### SOURCE DATA:
▽

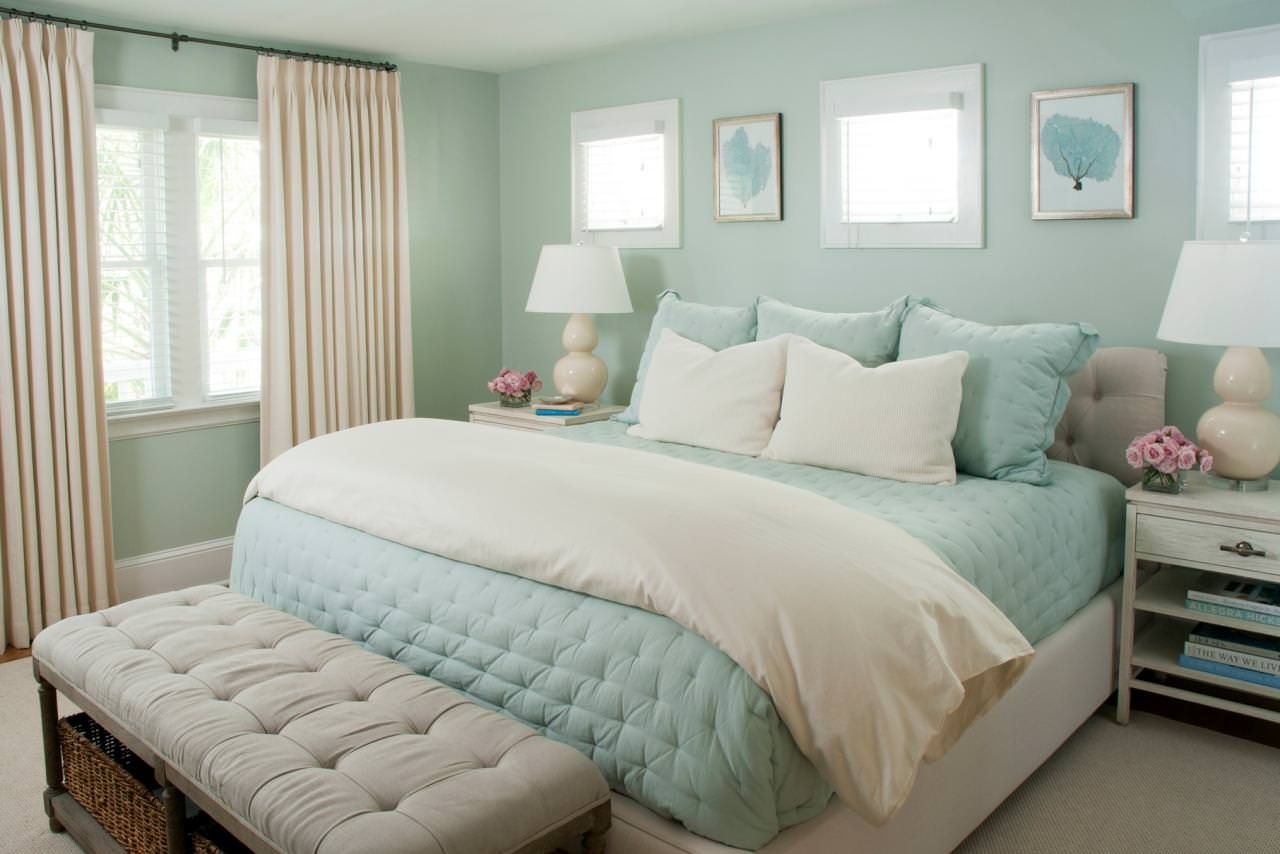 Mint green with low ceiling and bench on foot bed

△
▽

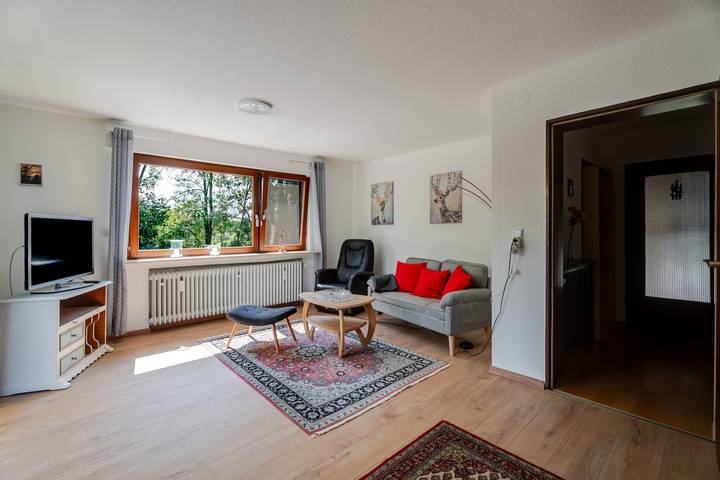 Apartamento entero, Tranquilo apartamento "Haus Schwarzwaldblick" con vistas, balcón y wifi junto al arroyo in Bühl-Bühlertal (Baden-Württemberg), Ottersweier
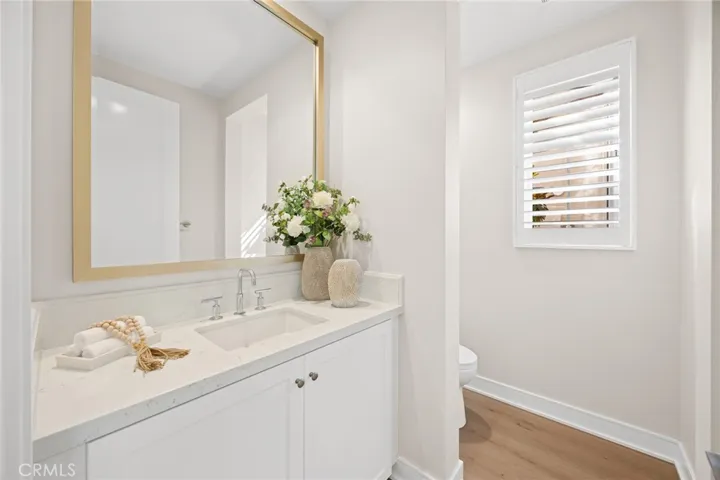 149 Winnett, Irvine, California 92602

△

### WHAT THE TASK ASKS:
Using the records above, repeat exactly the run of lines that starts with the line with "Apartamento entero, Tranquilo" and goes on through the line with "149 Winnett, Irvine, California 92602"; omit each picture.

### COMPLETED EXERCISE:
 Apartamento entero, Tranquilo apartamento "Haus Schwarzwaldblick" con vistas, balcón y wifi junto al arroyo in Bühl-Bühlertal (Baden-Württemberg), Ottersweier
 149 Winnett, Irvine, California 92602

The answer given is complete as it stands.